# Something snipping sagebrush twigs



## krampf (Jan 9, 2018)

We live in Johnson Canyon, outside of Kanab, Utah. The property has quite a bit of big sagebrush. Recently (January) I noticed that something is biting off twigs, and leaving piles of them around pretty much every sagebrush plant. Whatever is doing it does not seem to be eating the twigs, just biting them off. I am wondering if some animal does this to let the twigs dry, possibly removing some of the bitter taste.










If the image does not come through, you can see it here: https://thehappyscientist.com/something-eating-big-sagebrush

We commonly see mule deer, black tailed jackrabbits, cottontails, rock squirrels, and a variety of rodents.

Anyone have any ideas?


----------



## MuscleWhitefish (Jan 13, 2015)

Chupa Cabra. 

Looks like the work of a rabbit to me.


----------



## 3arabians (Dec 9, 2014)

Probably a bored 10 year old out hunting with the old man. Ive seen my daughter leave behind similar scenes.


----------



## PBH (Nov 7, 2007)

the poop in the picture suggests a rabbit to me.


Or maybe Mike Noel. :shock:


----------



## wyogoob (Sep 7, 2007)

jack rabbits

Welcome to the Forum!!


----------



## BPturkeys (Sep 13, 2007)

Rabbits will snip off branches and only eat the tastiest parts, leaving the rest. They will snip off longer branches they can't reach. You can tell rabbit snippings from deer foraging because the rabbits have sharp front teeth and snip the branches off cleanly. Deer lack the sharp front teeth and tear the branches off leaving ragged ends.


----------



## PBH (Nov 7, 2007)

Mike Noel has sharp front teeth too. He also only takes the tastiest portions.

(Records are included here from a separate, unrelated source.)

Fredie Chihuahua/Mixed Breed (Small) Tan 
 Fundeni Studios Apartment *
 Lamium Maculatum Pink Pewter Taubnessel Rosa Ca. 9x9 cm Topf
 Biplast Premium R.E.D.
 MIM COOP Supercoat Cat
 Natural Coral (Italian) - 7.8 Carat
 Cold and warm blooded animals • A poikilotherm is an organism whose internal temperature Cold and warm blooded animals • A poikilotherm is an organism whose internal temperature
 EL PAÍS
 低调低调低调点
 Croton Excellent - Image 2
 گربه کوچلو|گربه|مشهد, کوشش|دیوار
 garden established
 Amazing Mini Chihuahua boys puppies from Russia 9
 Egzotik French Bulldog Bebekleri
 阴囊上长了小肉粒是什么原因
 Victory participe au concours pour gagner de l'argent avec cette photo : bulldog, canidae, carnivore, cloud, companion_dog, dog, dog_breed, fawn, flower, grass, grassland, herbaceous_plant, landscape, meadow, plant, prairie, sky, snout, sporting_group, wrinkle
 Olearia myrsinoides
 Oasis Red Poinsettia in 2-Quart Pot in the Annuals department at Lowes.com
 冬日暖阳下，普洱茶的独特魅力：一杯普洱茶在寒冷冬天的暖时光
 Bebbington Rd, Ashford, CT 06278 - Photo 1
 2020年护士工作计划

I still think it might be him.


----------



## krampf (Jan 9, 2018)

Thanks everyone! Rabbit sounds likely. We have lots of them, and they have done this to hundreds of big sagebrush over quite a few acres.


----------



## HighNDry (Dec 26, 2007)

Is it your private property or an area with restrictions to ATV? If so it is definitely Mike Noel busting off the sagebrush as he rides his ATV anywhere he feels he has a right.


----------